Après la disparition de Sûryavarman II, l'empire connut une longue période de déclin. Est-ce par prémonition que ce roi avait fait placer à l'ouest, point cardinal des morts, l'entrée principale d'Angkor Vat, alors que les autres temples sont orientés à l'est? Il est plus probable qu'il choisit l'orientation des bâtiments afin que le soleil, au solstice de printemps, puisse plonger dans le puits creusé au sommet de la plus haute tour pour éclairer, une soixantaine de mètres plus bas une pièce cachée dans les entrailles du monument, dont on pense qu'elle aurait pu être la sépulture voulue par le monarque, lequel se serait ainsi rangé symboliquement au rang des divinités. Le temps passa. Les luttes intestines et les invasions, notamment celles des Chams, venus de l'est, dévastèrent le pays. En 1165, Tribhuvanaditya déposa Yaçovarman II. En 1167, Jayaindravarman IV, un usurpateur, s'empara du Champa (royaume des Chams) qui occupait l'Annam et une partie de la Cochinchine. En 1170, ce monarque belliqueux, après s'être assuré de la neutralité du Dai Viêt, entreprit la conquête de l'empire khmer par voie terrestre. Sa tentative échoua. Aussi décida-t-il de la renouveler par voie d'eau quelques années plus tard (1177). Une flottille de barques,  mues à la rame et chargées de guerriers, descendit la mer de Chine, en longeant la côte, des environs de Hué jusqu'au delta du Mékong. Elle remonta ensuite le fleuve jusqu'au Tonlé Sap, traversa le lac et débarque à proximité d'Angkor. Une bataille s'engagea. Tribhuvanaditya y trouva la mort. Angkor fut mise à sac.

Le triomphe des Chams ne fut toutefois que de courte durée. Jayavarman VII (1181-1243) monta bientôt sur le trône, à l'âge de 50 ans.

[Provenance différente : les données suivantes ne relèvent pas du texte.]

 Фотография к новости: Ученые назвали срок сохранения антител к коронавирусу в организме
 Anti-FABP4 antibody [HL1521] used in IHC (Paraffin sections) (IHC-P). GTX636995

Il chassa les envahisseurs et entreprit de restaurer la puissance khmère en construisant une multitude d'édifices, dont Angkor Thom, le Bayon, Preah Khan, Neak Pean, Ta Som, Banteay Kdei (ou Bantea Kdei), Ta Prohm, Srah Srang... Avec ce monarque, le bouddhisme du Grand Véhicule devient la religion prépondérante. Un style nouveau en est issu, celui des tours à visage. Aux portes d'Angkor Thom comme au Bayon, dans la forêt de visages de pierre qui y est érigée, ce qui frappe, ce n'est plus l'architecture en tant que telle, mais plutôt le fameux sourire d'Angkor, l'étrange expression contemplative de la divinité qui protège les Quatre Orients. Mais ce sourire bienveillant n'est pas exempt d'ambiguïté. Ne peut-on pas y voir le symbole du renoncement, du déclin d'avance accepté au faîte même de la gloire retrouvée?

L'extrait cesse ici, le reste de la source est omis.